L’Algérie essaiera-t-elle d’utiliser l’énergie pour faire pression sur les gouvernements européens afin qu’ils adoptent des positions de plus en plus alignées sur l’Algérie sur le Sahara Occidental ?

“L’Algérie veut être entendue et prise en considération par ses homologues européens, qui subissent des pressions croissantes du Maroc pour renégocier leurs relations et revoir leurs positions sur le Sahara occidental”, a déclaré Fabiani.

“L’énergie est certainement une source de levier pour l’Algérie et les diplomates marocains reconnaissent qu’ils ne peuvent pas s’attendre à ce que tous les pays algériens dépendants du gaz en Europe adoptent [Rabat’s] position sur ce conflit, c’est pourquoi il y a peu de pression sur l’Italie, par exemple, pour changer sa position sur le Sahara Occidental.

Néanmoins, l’influence de l’Algérie sur les pays européens vis-à-vis du Sahara Occidental a des limites.

Si Alger tentait de « faire chanter » ses acheteurs pour qu’ils changent de position sur le Sahara occidental, cela risquerait de mettre en péril son rôle de fournisseur d’énergie fiable, selon Fabiani.

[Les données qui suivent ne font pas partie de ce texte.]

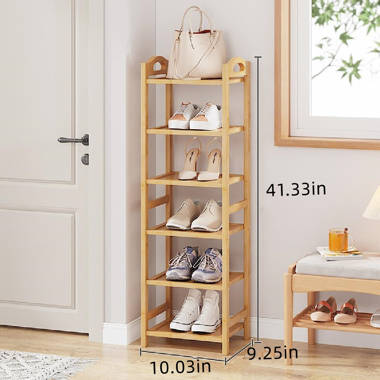 Latitude Run® 4-tier Shoe Rack With Umbrella Stand, Free Standing Entryway  Organizer With Bamboo Frame, Multifunctional Shoe Shelf For Entryway Hallway  Living Room Staircase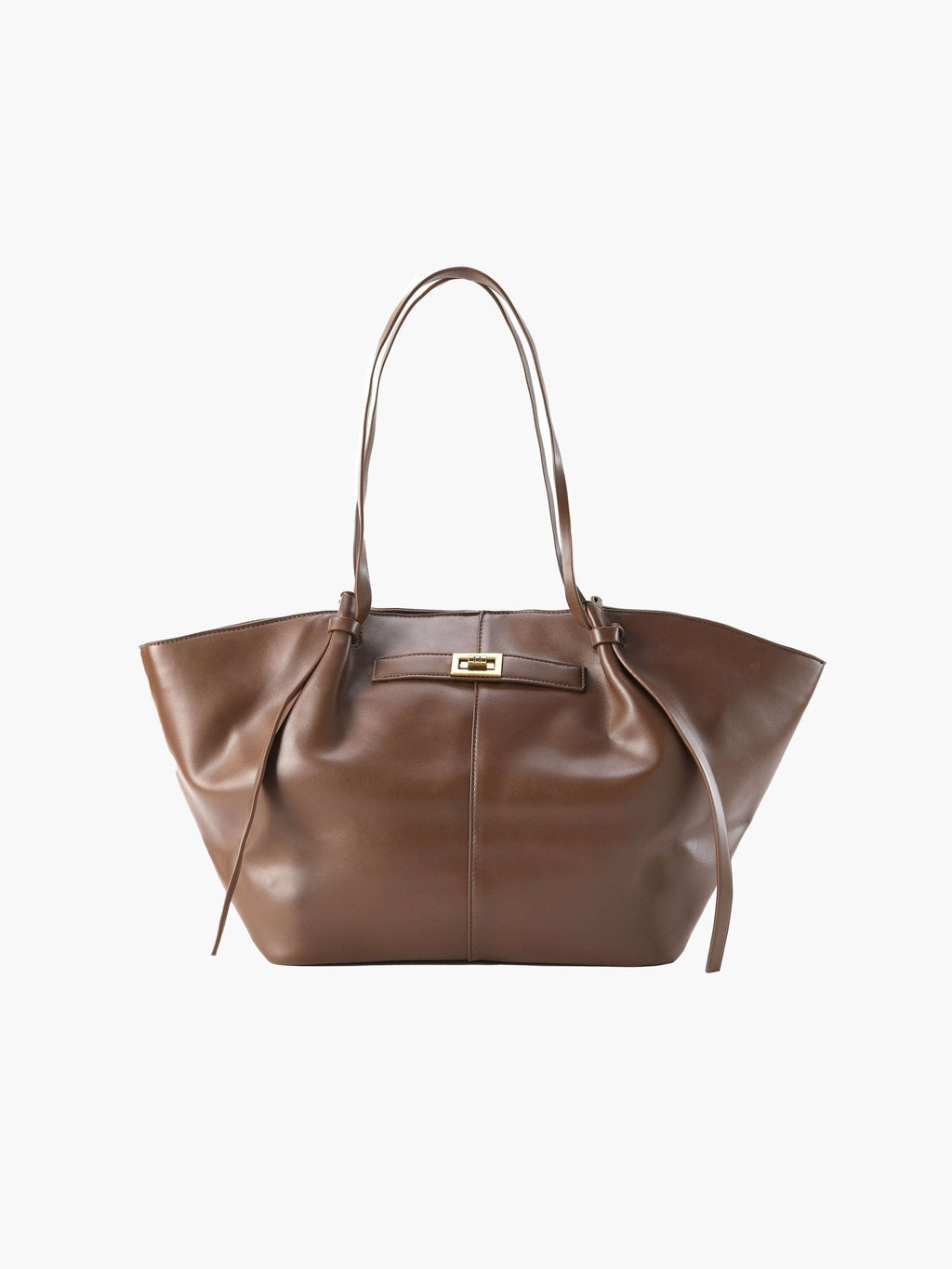 Women's Shopper Bag Sculptural Tote with Structured Silhouette - Brown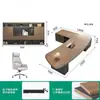 Mesa e cadeira de escritório de luxo leve combinação moderna simples mesa de presidente chefe sala de líder móveis de ponta mesa grande de gerente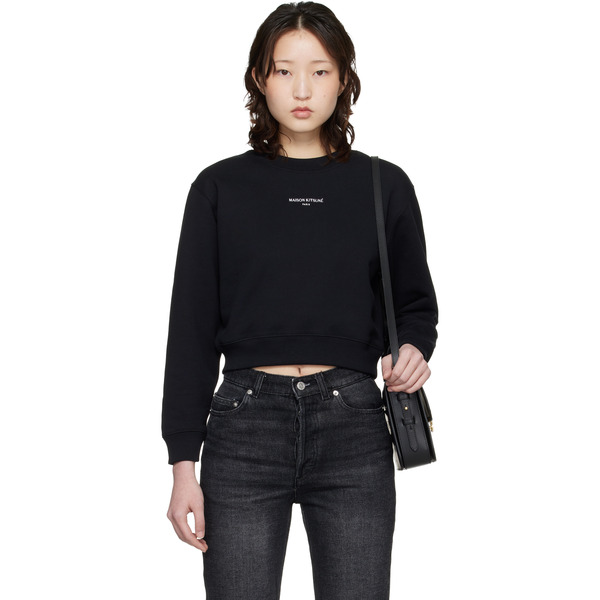  Maison Kitsuné Black 'maison Kitsuné Paris' Cropped Sweatshirt 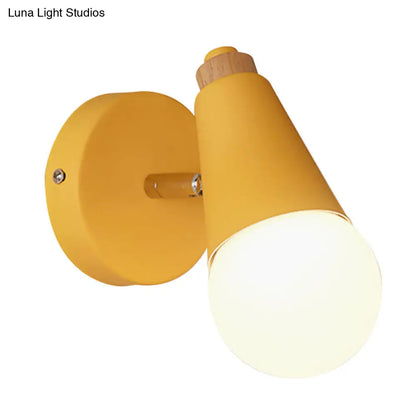 DecorBites™ Macaron Loft Sweet Cone Wall Light - Metal/Wood Backplate - Rotatable - Single Light - Blue/Green/Pink - Corridor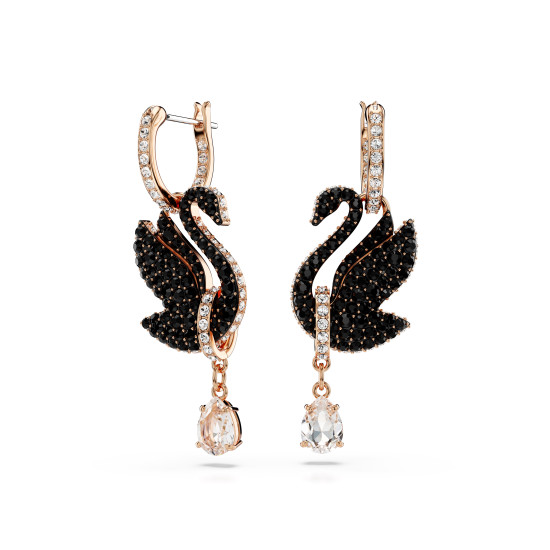 Σκουλαρίκια-Σταγόνα Swarovski Swan Κύκνος, Μαύρα, Επιμετάλλωση Σε Ροζ Χρυσαφί Τόνο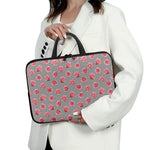 Pink Rose Zigzag Pattern Print Laptop Sleeve With Handle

“Les gouvernements européens ont besoin d’exportateurs d’énergie fiables et il est peu probable qu’ils tolèrent une exploitation flagrante des liens énergétiques à des fins politiques.”

Tout en se tournant vers l’Algérie pour une relation énergétique renforcée, Rome devra vraisemblablement accorder plus d’attention au Sahara Occidental, en veillant à ne vexer ni Alger ni Rabat.

“L’Italie n’a pas pris de position définitive sur le dossier du Sahara occidental afin de pouvoir se déplacer plus librement que l’Espagne dans les relations avec le Maroc et l’Algérie”, a déclaré Giuseppe Dentice, responsable du bureau MENA au Centre d’études internationales et d’enseignement. assistant à l’Université Catholique du Sacré-Cœur de Milan.

Le soutien au Polisario est une pierre angulaire de la politique étrangère algérienne tandis que le Maroc considère le conflit du Sahara occidental comme son enjeu existentiel. Mais pour l’Italie, ce différend deviendra probablement un casse-tête diplomatique plus qu’autre chose.